W przeszłości wielu ekspertów oraz szefów Bayernu niejednokrotnie podkreślało, że Louis van Gaal miał ogromne znacznie i wpływ na FCB i to nie tylko z racji na wypromowanie kilku talentów (wśród nich między innymi Thomasa Muellera), ale i styl gry, który nadał monachijczykom.
Niemniej jednak Holender miał bardzo trudny charakter, przez co też często popadał w konflikty z piłkarzami oraz bossami – w tym z Ulim Hoenessem. W pewnym momencie relacje obu panów ochłodziły się do tego stopnia, że przestali się do siebie odzywać.

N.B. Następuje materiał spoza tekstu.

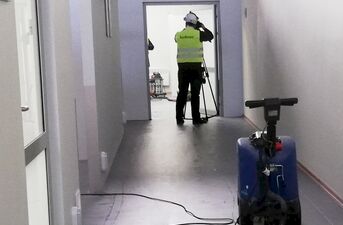 Budowa szpitala tymczasowego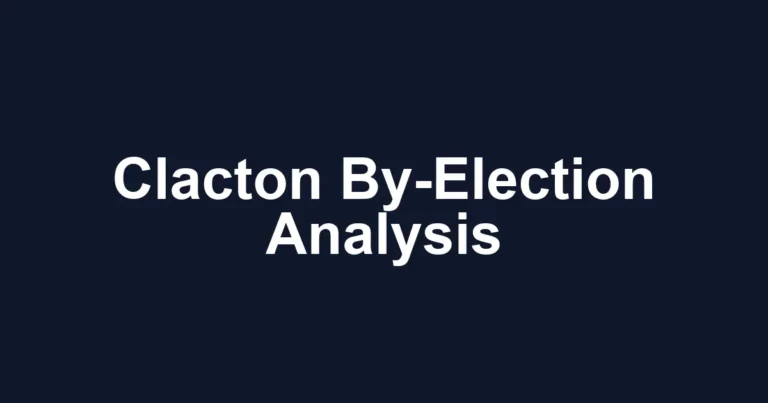 Clacton By-Election Winner 2026: Polymarket Analysis
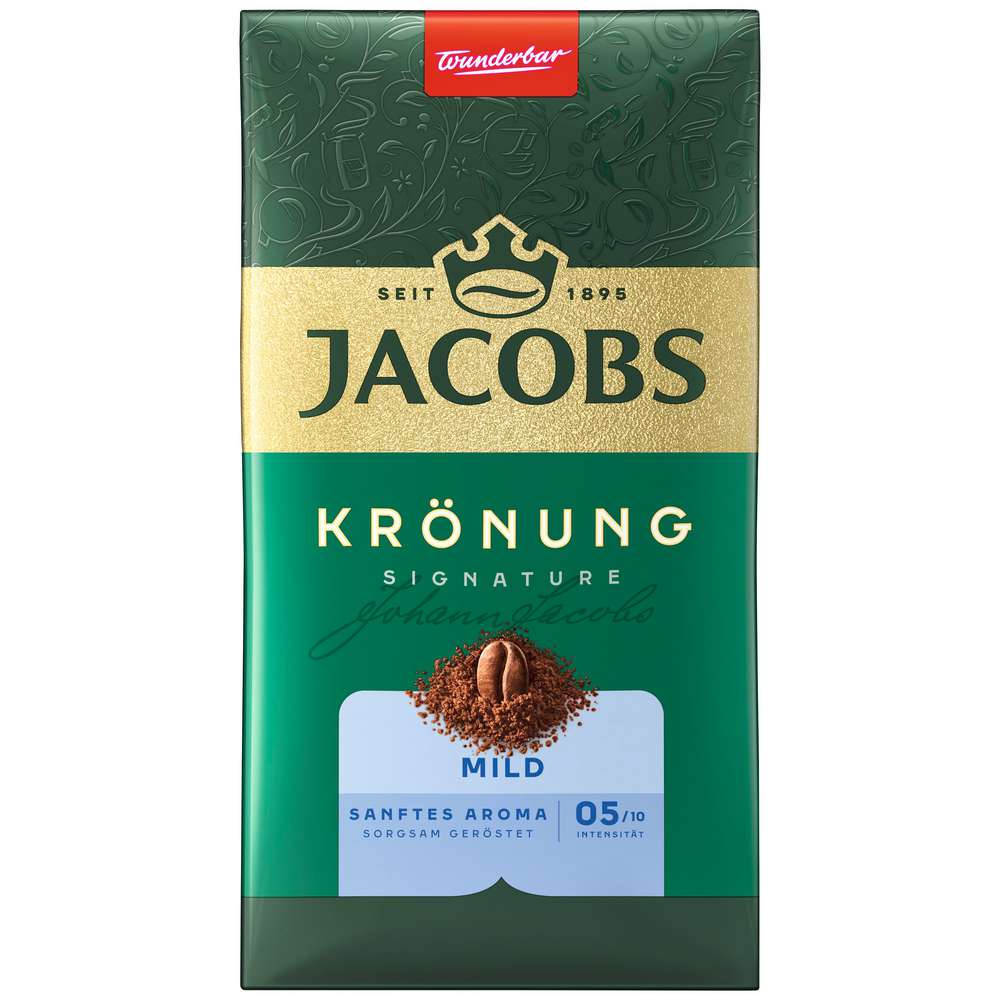 Produktabbildung Jacobs Bohnenkaffe gemahlen, Mild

Koniec końców obecny selekcjoner Holandii został zwolniony z bawarskiego klubu, zaś w mediach pojawiło się sporo spekulacji, że powodem były nie tylko wyniki sportowe, ale i konflikt z prezydentem.
Niemniej jednak jak informuje niemiecki „Sport Bild”, w lipcu bieżącego roku Uli spotkał się z Louisem przy Saebener Strasse, zaś podczas spotkania doszło do pojednania zwaśnionych stron! Holender i Niemiec wyjaśnili sobie wszystko, pogodzili się i uścisnęli dłoń, zakopując w końcu topór wojenny.
Nie jest to jedyna osoba, z którą Hoeness pogodził się w ostatnim czasie – przypominamy jednocześnie, że niedawno honorowy prezydent „Gwiazdy Południa” pogodził się z legendarnym Paulem Breitnerem.